We focused on a ligand elaboration task in the Result sections. To obtain a core structure of a ligand, we removed chains and functional groups, leaving the key structure of the original ligand. We used the core ligand as an initial state of the generation stage. While demonstrating the effect of interaction conditioning, we elaborated the core ligands to generate 1000 ligands, respectively. The interaction conditions were established based on the original ligands. We then measured interaction similarities between the generated and original interaction patterns to select a ligand with the highest interaction similarity. In the binding pose stability analysis, the difference was that we used a reference-free interaction condition. This enables the formation of any possible interactions instead of relying on a specific condition extracted from the original ligand. After designing 1000 ligands for each pocket, we randomly sampled 10 ligands whose numbers of heavy atoms were the same as that of the original ligand to match the number of undergone generation steps.

de novo ligand design

We performed a de novo ligand design task in the binding affinity analysis, the geometric analysis of generated interactions, and the analyses of chemical diversity and novelty. Here, a whole ligand structure is generated from a randomly initialized dummy atom instead of starting from a predefined ligand core structure. In those analyses, 100 whole ligands are designed from each of the test pockets. The center-of-masses of each original ligand in the reference complexes were used, with a Gaussian noise perturbation. We used reference-free interaction conditions during the Result sections for analyzing binding affinity and interaction geometries. In contrast, specific conditions from the references were used for investigating the chemical diversity and novelty to justify that our model can generate diverse and novel ligand structures even if the specific interaction pattern is constrained.

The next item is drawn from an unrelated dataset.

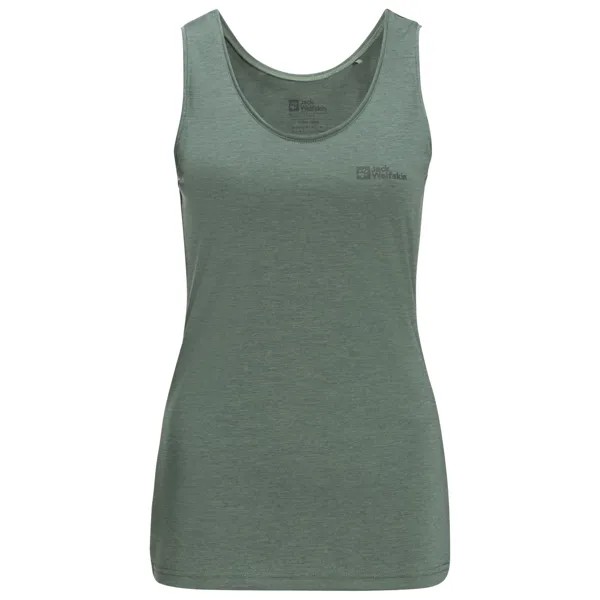 Майка Jack Wolfskin Women's Crosstrail Tank, цвет Hedge Green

After the ligand generation, we locally optimized the structures and scored the binding affinities of those protein–ligand complexes with SMINA42, a scoring and docking software based on AutoDock Vina51, in the binding affinity analysis. Protein–ligand complexes in the training and test sets were also scored for later comparison. Note that we did not apply any further structure optimization in the geometric analysis of generated interactions since we were analyzing the generated intermolecular atom-atom distance distributions with that of the PDBbind 2020 ground-truth complexes.

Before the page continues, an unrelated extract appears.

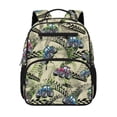 thumbnail image 1 of KUIFORTI Print Tractor Toddler Backpack Boys Kids School Bag with Side Pockets Adjustable Straps Lightweight for Preschool Kindergarten Back to School Essentials Gifts, 1 of 7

Mutant-selective epidermal growth factor receptor (EGFR) inhibitor design

We have demonstrated the design of mutant-selective inhibitors for EGFR with our generative framework, which is one of the most challenging problems in drug discovery. We retrieved complex structures of a wild-type and a double-mutated EGFR reported by Sogabe et al. (PDB ID: 3w2s and 3w2r, respectively)52. The two complexes share the same ligand and have similar pocket structures. To achieve selectivity toward the mutated EGFR, we assumed that a ligand that strongly interacts with the mutated residues would favorably bind to the mutated pocket more than the wild-type. Under this assumption, we manually designated the possible interaction types of the atoms of MET790 and ARG858, the double-mutated residues, while sparing other atoms. Then, we underwent de novo ligand generation inside the double-mutated pocket (3w2r). After generating 1000 ligands inside the double-mutated EGFR, we also placed them in the aligned pocket of the wild-type EGFR. We then performed a local optimization followed by energy scoring via SMINA for each pocket.